» **Records supplied**
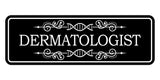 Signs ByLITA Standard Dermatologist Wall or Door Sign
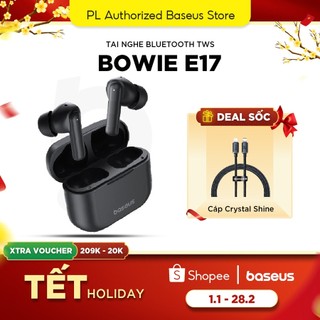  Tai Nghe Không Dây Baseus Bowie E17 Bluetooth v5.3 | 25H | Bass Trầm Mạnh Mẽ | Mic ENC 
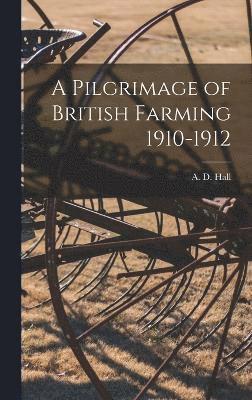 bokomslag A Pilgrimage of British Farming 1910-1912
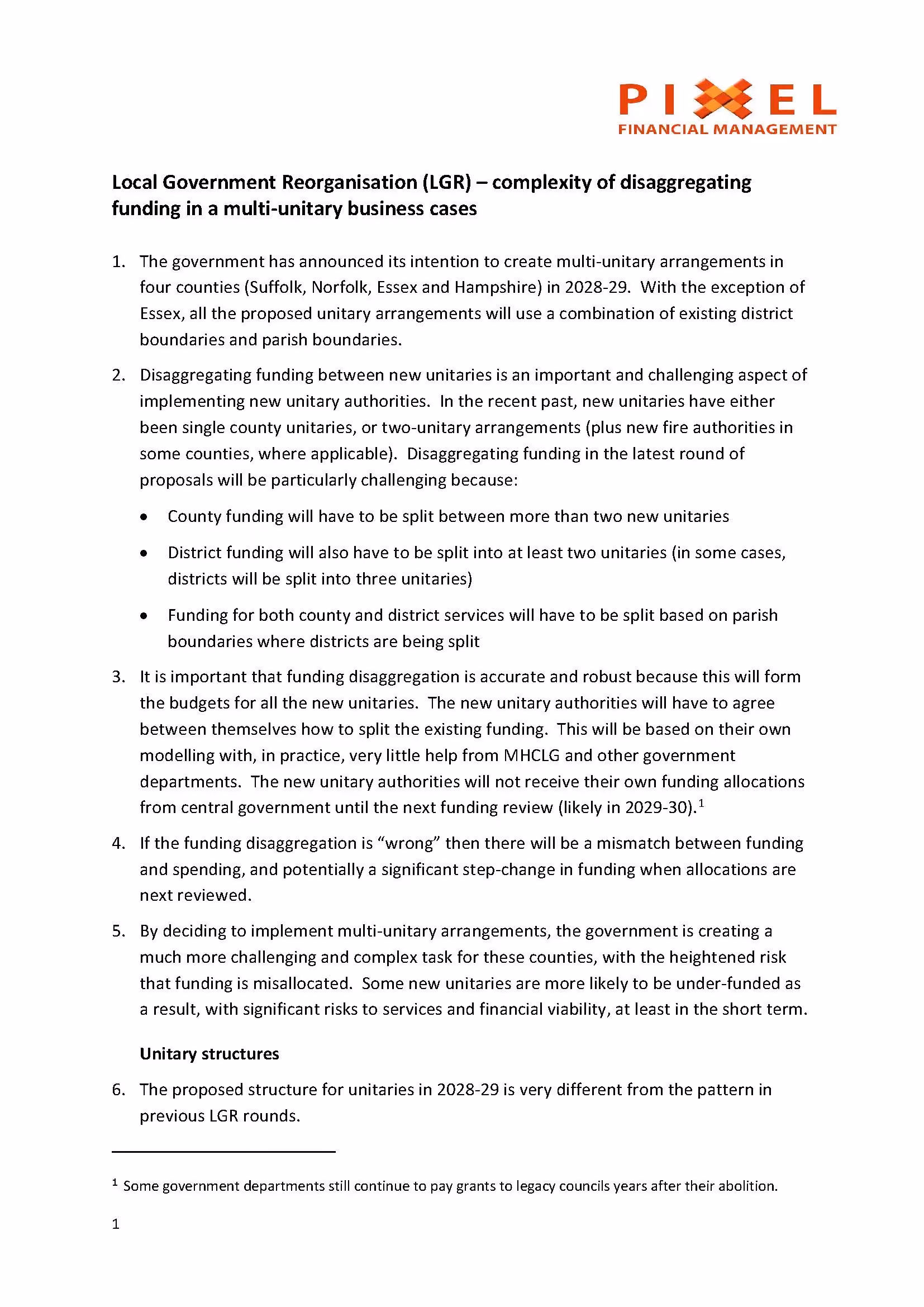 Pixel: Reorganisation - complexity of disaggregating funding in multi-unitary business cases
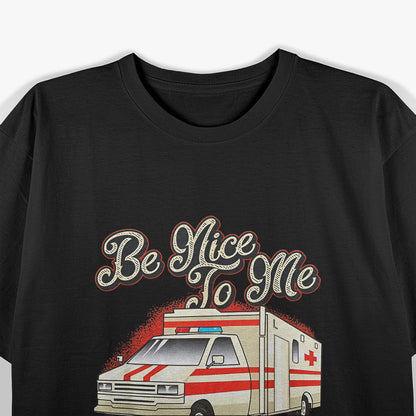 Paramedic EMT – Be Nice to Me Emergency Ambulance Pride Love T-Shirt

* * *

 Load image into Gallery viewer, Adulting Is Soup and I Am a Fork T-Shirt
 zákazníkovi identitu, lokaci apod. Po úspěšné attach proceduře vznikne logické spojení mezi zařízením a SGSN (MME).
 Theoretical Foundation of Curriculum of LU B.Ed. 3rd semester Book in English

* * *

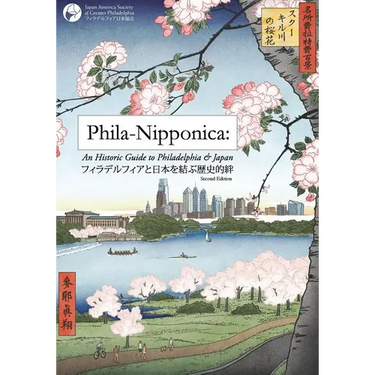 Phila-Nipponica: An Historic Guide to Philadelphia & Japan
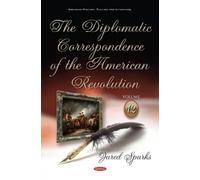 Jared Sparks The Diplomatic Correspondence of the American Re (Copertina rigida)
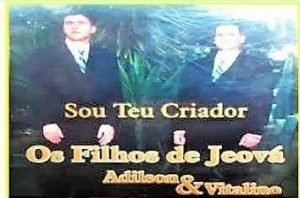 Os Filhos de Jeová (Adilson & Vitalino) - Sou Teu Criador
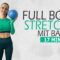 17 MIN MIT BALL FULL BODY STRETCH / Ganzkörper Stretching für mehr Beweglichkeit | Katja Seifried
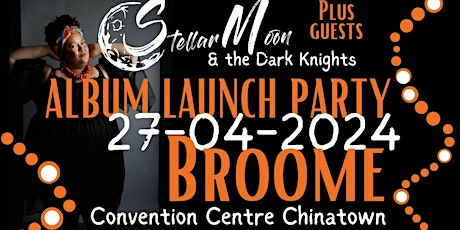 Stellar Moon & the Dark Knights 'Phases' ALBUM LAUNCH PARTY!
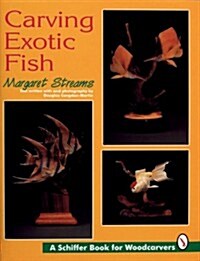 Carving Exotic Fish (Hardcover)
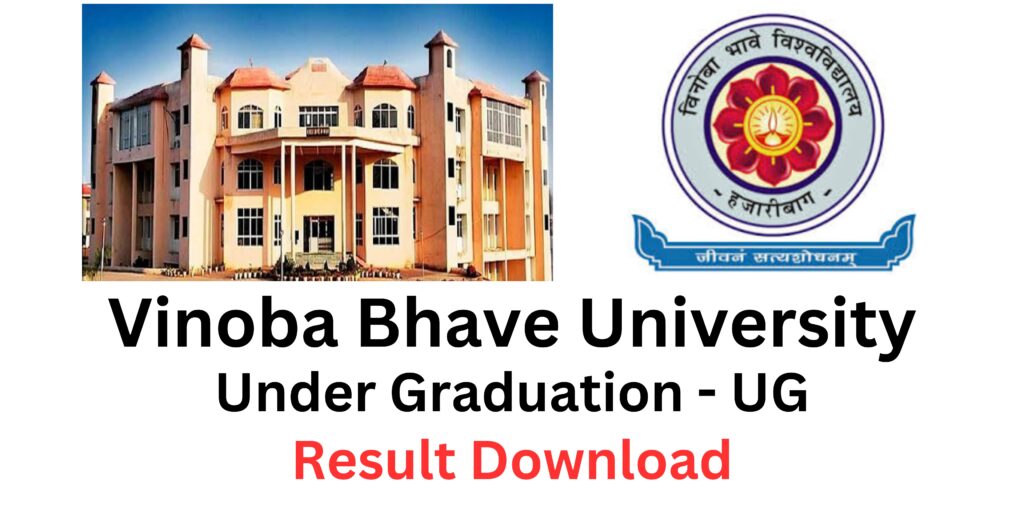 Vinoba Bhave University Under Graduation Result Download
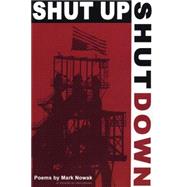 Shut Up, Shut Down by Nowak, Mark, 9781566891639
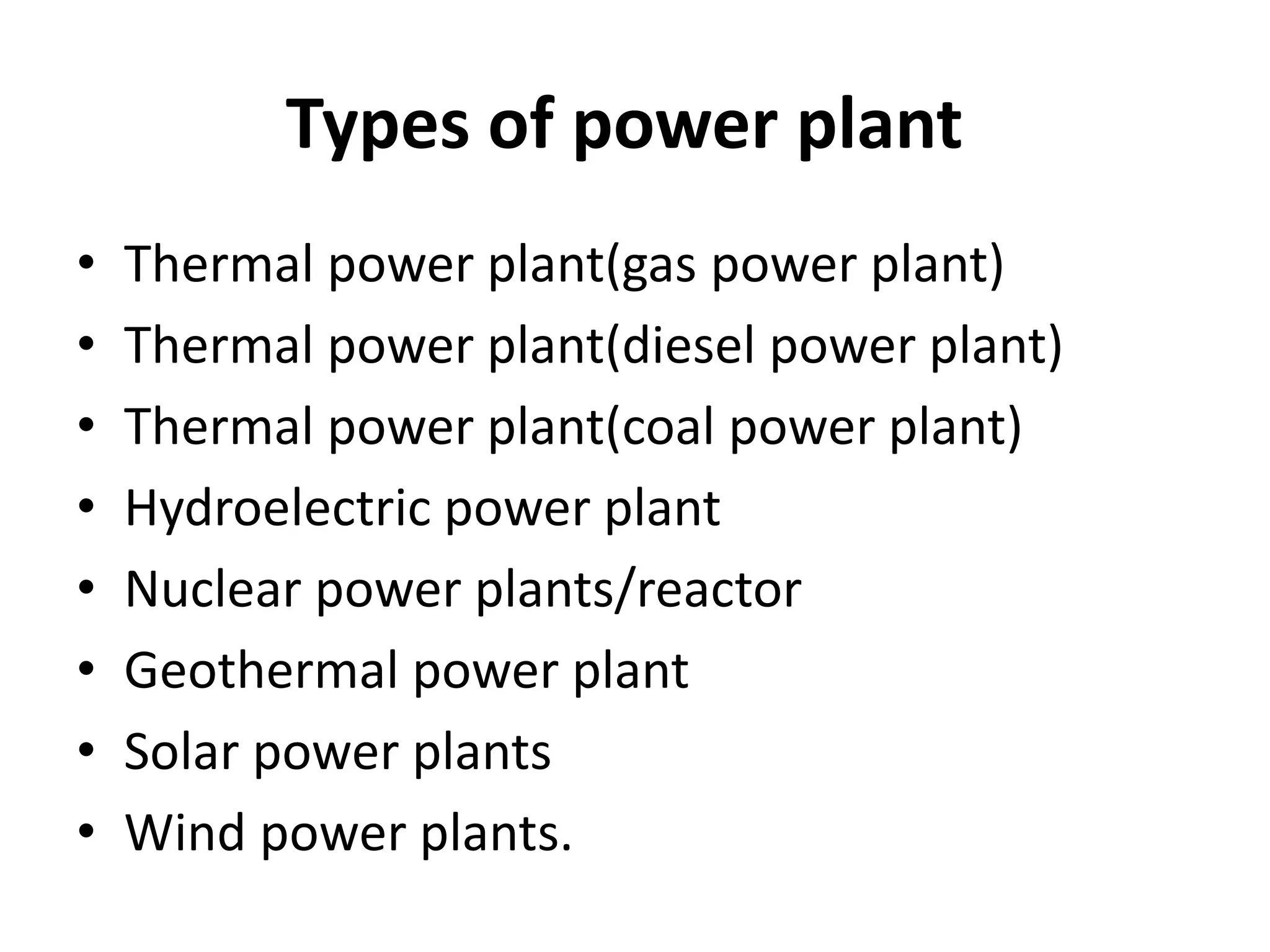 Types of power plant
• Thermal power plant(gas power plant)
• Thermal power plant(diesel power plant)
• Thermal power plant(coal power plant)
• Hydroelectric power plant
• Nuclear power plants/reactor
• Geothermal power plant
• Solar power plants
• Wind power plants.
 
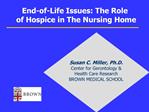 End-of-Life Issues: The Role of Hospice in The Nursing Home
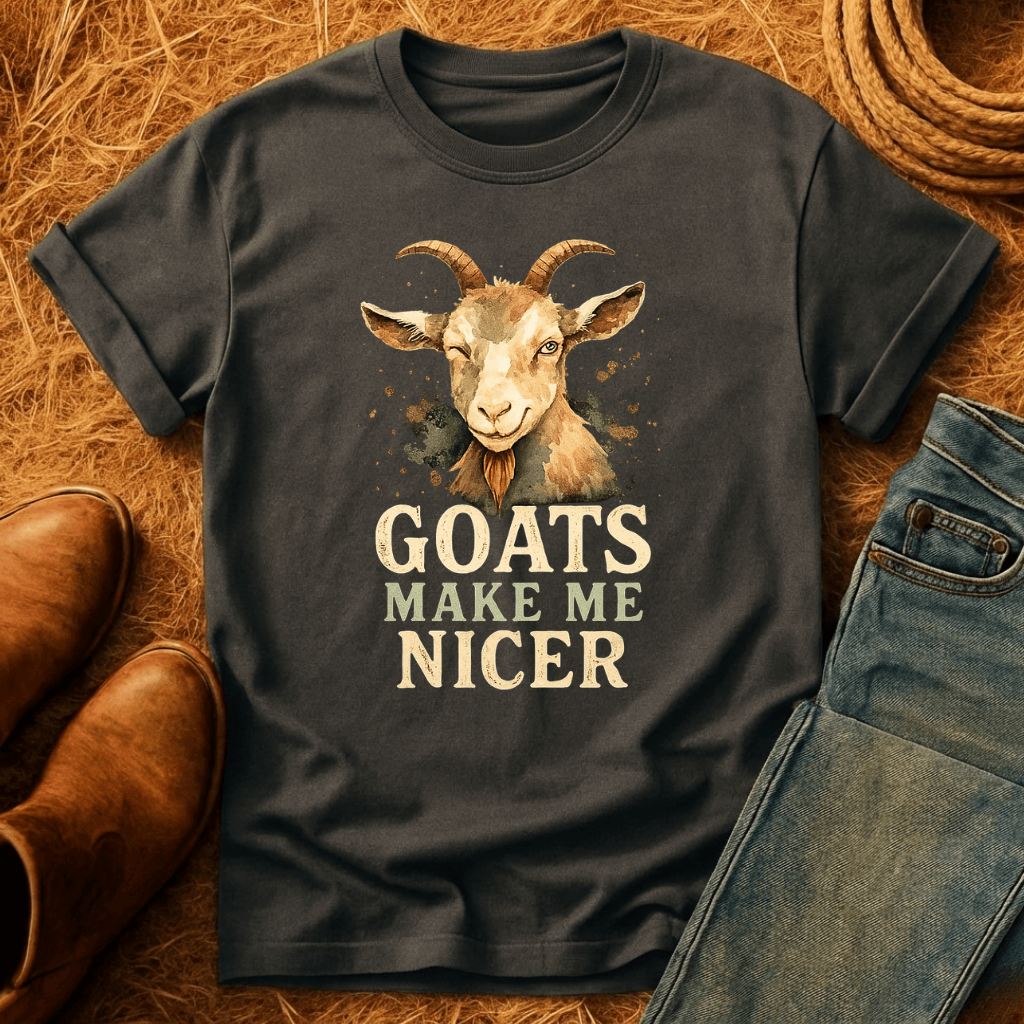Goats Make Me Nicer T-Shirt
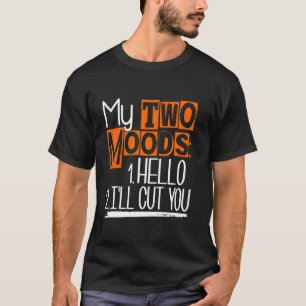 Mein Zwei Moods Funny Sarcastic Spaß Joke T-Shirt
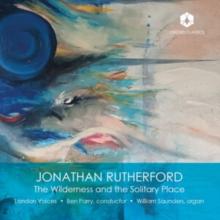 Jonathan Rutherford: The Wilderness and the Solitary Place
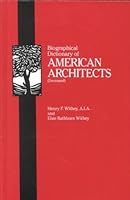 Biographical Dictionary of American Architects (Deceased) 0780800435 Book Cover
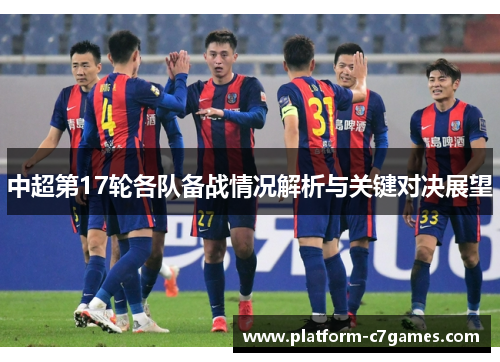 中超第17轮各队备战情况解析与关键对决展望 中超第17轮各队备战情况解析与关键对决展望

» **Exercise brief**
Copy all lines from the listing that contain "plants".

» **Solution to the exercise**
• Nuclear power plants/reactor
• Solar power plants
• Wind power plants.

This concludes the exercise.